Asaf Bartov
I have been a practicing (volunteer) Wikipedian for many years; my home wiki is the Hebrew Wikipedia, but I am also active in Wikidata and the Wikimedia Commons, and I make occasional contributions on the English Wikipedia as well, all under my volunteer account. I have a strong background in software engineering, and an abiding interest in literature, education, open access, linked data, and library science.
At the Foundation, I am working on increasing reach (readers) and participation (editors) in the developing world, through community support as well as partnerships with grantees, other NGOs, and governments.

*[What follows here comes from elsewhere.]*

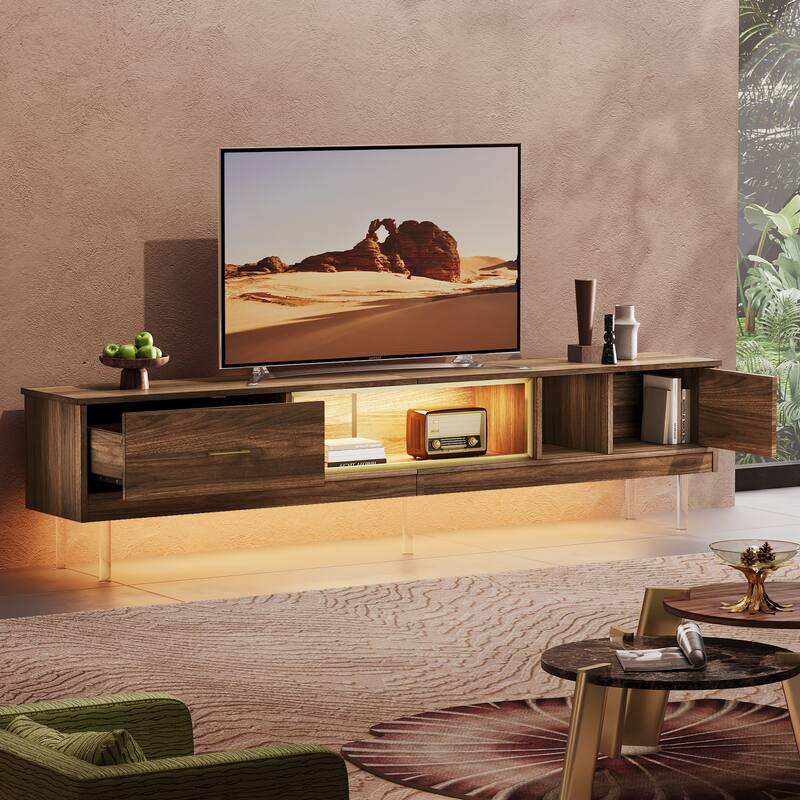 High Gloss LED TV Stands Modern Entertainment Center for 85" TV with Drawer - 80 inches - Walnut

My main project since 2019 is the WikiLearn online learning environment. Previously, I had worked on the Community Capacity Development program and as a grants program officer.
Sessions
As the Wikimedia movement expands learning opportunities, how we recognize learning achievements matters. This session explores WikiLearn’s certification system to foster alignment on best practices for learning recognition across the movement. What makes a certificate meaningful? How do these recognitions support community growth and sustainability? How can Wikimedians apply these principles to their own capacity-building efforts?
This interactive session is designed for Wikimedia trainers, representatives from affiliates and partner organizations, and Wikimedians enthusiastic about capacity building—especially those interested in using WikiLearn. Through guided hands-on activities, we will:
- Build a shared understanding of what learning certificates mean for the Wikimedia movement.
- Evaluate WikiLearn’s existing process for certifications and badges.
- Identify opportunities to remix, exchange, and scale learning recognition models.
Participants will leave with concrete insights for their own capacity building initiatives, contributing to a more unified, effective approach to learning certifications in the Wikimedia movement.
Generative AI is everywhere, and is here to stay. While it is useful for certain tasks, it can also easily be weaponized to attack and corrupt wiki communities, overwhelming volunteers with endless labor, and inundating our wikis with huge waves of spam, or even with more difficult-to-detect subtle POV-pushing (bias).
How can we defend our wikis against this?